I wonder now whether there is a sufficient distance between the three major political to make voting for any of them worthwhile. After all, Labour has abandoned the unions and the strong stance it had on arms reduction when I became a Labour supporter in the early Eighties. It will support arms reduction, but only if America does it first. The Liberal Democrats support a degree of unilateral arms reduction but have a stance on unions that's no different, really, from the modern Labour Party's. And Labour, the Liberals and Conservatives will keep Britain in Afghanistan until the sky turns lime green and the rivers run with marmalade. We have "green" credentials tossed around by all the leaders in a kind of pathetic, insincere game of moral oneupmanship, but we know that when the fat is in the fire the environment will be sacrificed by the lot of them if it means keeping in with Business.
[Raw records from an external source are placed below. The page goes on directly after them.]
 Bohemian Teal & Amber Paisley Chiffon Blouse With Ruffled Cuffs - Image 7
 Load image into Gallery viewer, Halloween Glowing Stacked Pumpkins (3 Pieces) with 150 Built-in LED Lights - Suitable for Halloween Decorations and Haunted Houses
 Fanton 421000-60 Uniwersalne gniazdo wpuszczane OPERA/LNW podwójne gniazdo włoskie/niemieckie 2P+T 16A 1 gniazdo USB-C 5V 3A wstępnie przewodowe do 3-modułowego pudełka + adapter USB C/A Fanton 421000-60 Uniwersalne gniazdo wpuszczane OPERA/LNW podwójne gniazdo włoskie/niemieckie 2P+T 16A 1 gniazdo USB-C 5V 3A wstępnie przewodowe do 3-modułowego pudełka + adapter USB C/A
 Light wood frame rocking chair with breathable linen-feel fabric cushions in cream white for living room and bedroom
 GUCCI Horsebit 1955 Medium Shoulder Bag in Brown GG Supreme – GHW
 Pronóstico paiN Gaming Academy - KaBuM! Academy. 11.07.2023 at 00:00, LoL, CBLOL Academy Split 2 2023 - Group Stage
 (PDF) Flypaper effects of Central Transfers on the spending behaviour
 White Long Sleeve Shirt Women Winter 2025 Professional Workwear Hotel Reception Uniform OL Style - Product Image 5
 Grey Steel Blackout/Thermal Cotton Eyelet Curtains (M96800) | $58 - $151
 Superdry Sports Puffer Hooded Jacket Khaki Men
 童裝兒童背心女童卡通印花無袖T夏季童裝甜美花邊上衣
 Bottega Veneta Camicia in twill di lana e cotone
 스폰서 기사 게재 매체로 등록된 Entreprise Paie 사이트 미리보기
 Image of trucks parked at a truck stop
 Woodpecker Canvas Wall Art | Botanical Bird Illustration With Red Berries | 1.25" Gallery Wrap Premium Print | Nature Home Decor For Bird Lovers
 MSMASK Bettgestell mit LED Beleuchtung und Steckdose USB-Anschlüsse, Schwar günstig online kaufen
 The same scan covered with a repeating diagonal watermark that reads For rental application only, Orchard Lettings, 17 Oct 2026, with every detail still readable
There is only one slight difference I can see between the so-called big three in 2010, and that's in how they think the nation should be taxed. Labour and the Liberals have a little bit more of a sentimental attachment to the idea of helping the needy. But that's really just a question of emphasis. The Tories are no more likely to allow people to start dying in large numbers on the streets than Labour or the Lib Dems are likely to feed up the Welfare State until it bursts and splatters us all with its revolting excess. So what's a voter to do if he or she wants the change the politicians all talk about but which none of them will deliver?
I've decided I'm voting Green. Everybody around me tells me my vote will be wasted if I do, but every vote for the mainstream parties is wasted when there is no substantial difference between them. So what difference does it make?
The point, it seems to me, is to stop trying to play a system that has compromise built in at its roots because it's always the important things that we wind up having to compromise to get our man into power.
More votes for a smaller party widens the debate, that's all. Real change occurs on the internet and in the streets and bars -- around firesides -- anywhere that people without a vested interest meet. It's been so from the start; I just forgot, the further away I drifted from those fine days in the Eighties when we cared, and got things done.